Sharp-edge–driven spiral acoustic micromixers for functional nanoarray engineering

Abstract

Acoustic microfluidics has a remarkable influence on mixing but still face significant challenges of low throughput. Here, a robust acoustic micromixer with a spiral microchannel and side-wall sharp-edge structures is first proposed for facilitating microscale fluid mixing at wide-range flow rates. A micromixer that integrates acoustics with hydrodynamics enables fast and homogeneous mixing, ranging from 4 μL/min to over 2500 μL/min. the mixing performance shows a transition from acoustics domination at low flow rates to hydrodynamics domination at high flow rates. The increases of transducer amplitude, curvature, and sharp-edge density are positively correlated with mixing performance, while the increase of a tilted angle shows the opposite. The acoustic micromixer is leveraged to synthesize a functional ZnO nanoarray inside glass capillaries as portable microanalytical systems. ZnO nanofiber and nanosheet arrays are developed and their performances are systematically investigated by photodegradation of organic dye and enrichment of a heavy metal ion.
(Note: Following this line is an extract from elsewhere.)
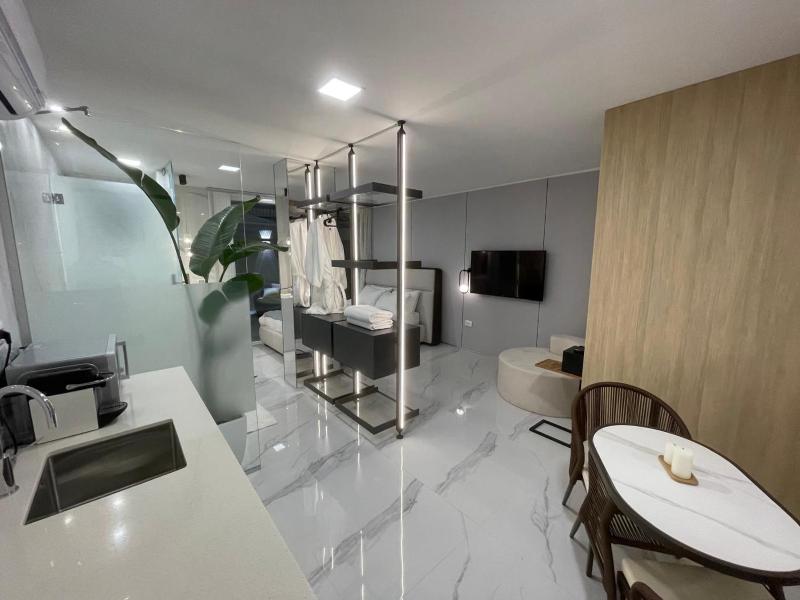 Vacation unit in villa with heated pool and sauna יחידת נופש בוילה עם בריכה מחוממת - image 33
Generally, efficiencies in photodegradation and enrichment can be well regulated by residence time, and a ZnO nanofiber shows more outstanding activity and robust stability than a ZnO nanosheet. These findings not only shed new light on the rational design of advanced lab-on-a-chip devices but also provide important guidelines for the controllable synthesis and applications of functional nanomaterials.